Among the lines below, a stretch begins at the one with "You can open" and ends at the one with "Hello, Mr. Kaczynski". Repeat that stretch exactly, ends included.

─── Material for the task

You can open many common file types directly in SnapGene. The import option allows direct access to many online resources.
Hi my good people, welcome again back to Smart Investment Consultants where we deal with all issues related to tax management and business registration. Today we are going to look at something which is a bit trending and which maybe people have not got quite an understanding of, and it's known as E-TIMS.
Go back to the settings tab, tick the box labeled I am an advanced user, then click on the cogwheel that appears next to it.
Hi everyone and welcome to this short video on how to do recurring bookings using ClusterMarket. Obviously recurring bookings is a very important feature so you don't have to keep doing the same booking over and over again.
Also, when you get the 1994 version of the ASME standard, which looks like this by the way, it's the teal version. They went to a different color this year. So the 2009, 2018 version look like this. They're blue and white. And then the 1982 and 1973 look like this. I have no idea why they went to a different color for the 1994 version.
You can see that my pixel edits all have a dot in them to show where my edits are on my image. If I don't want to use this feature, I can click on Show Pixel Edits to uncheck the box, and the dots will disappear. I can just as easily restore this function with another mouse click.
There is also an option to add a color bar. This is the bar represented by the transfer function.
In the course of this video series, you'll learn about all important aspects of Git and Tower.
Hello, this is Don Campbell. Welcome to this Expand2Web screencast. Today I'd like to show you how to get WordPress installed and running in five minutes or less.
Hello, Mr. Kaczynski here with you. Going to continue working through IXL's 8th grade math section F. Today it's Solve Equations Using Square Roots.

──────
─── Material for the task

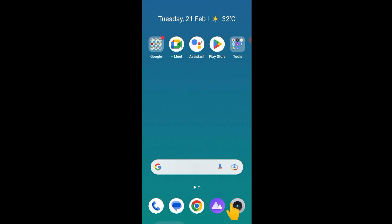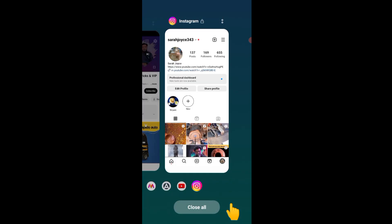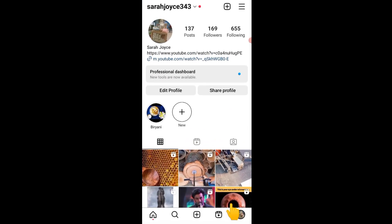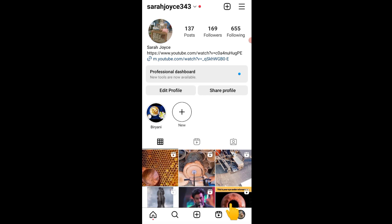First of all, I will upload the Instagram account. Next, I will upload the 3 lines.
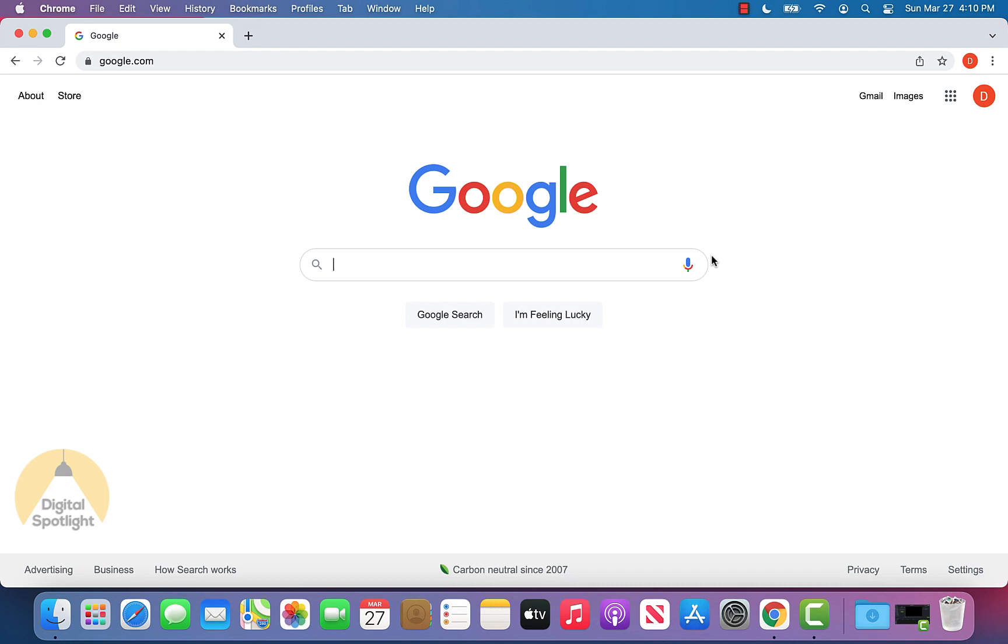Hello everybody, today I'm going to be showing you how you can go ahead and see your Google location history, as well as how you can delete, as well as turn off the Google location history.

──────

_Response area:_
You can open many common file types directly in SnapGene. The import option allows direct access to many online resources.
Hi my good people, welcome again back to Smart Investment Consultants where we deal with all issues related to tax management and business registration. Today we are going to look at something which is a bit trending and which maybe people have not got quite an understanding of, and it's known as E-TIMS.
Go back to the settings tab, tick the box labeled I am an advanced user, then click on the cogwheel that appears next to it.
Hi everyone and welcome to this short video on how to do recurring bookings using ClusterMarket. Obviously recurring bookings is a very important feature so you don't have to keep doing the same booking over and over again.
Also, when you get the 1994 version of the ASME standard, which looks like this by the way, it's the teal version. They went to a different color this year. So the 2009, 2018 version look like this. They're blue and white. And then the 1982 and 1973 look like this. I have no idea why they went to a different color for the 1994 version.
You can see that my pixel edits all have a dot in them to show where my edits are on my image. If I don't want to use this feature, I can click on Show Pixel Edits to uncheck the box, and the dots will disappear. I can just as easily restore this function with another mouse click.
There is also an option to add a color bar. This is the bar represented by the transfer function.
In the course of this video series, you'll learn about all important aspects of Git and Tower.
Hello, this is Don Campbell. Welcome to this Expand2Web screencast. Today I'd like to show you how to get WordPress installed and running in five minutes or less.
Hello, Mr. Kaczynski here with you. Going to continue working through IXL's 8th grade math section F. Today it's Solve Equations Using Square Roots.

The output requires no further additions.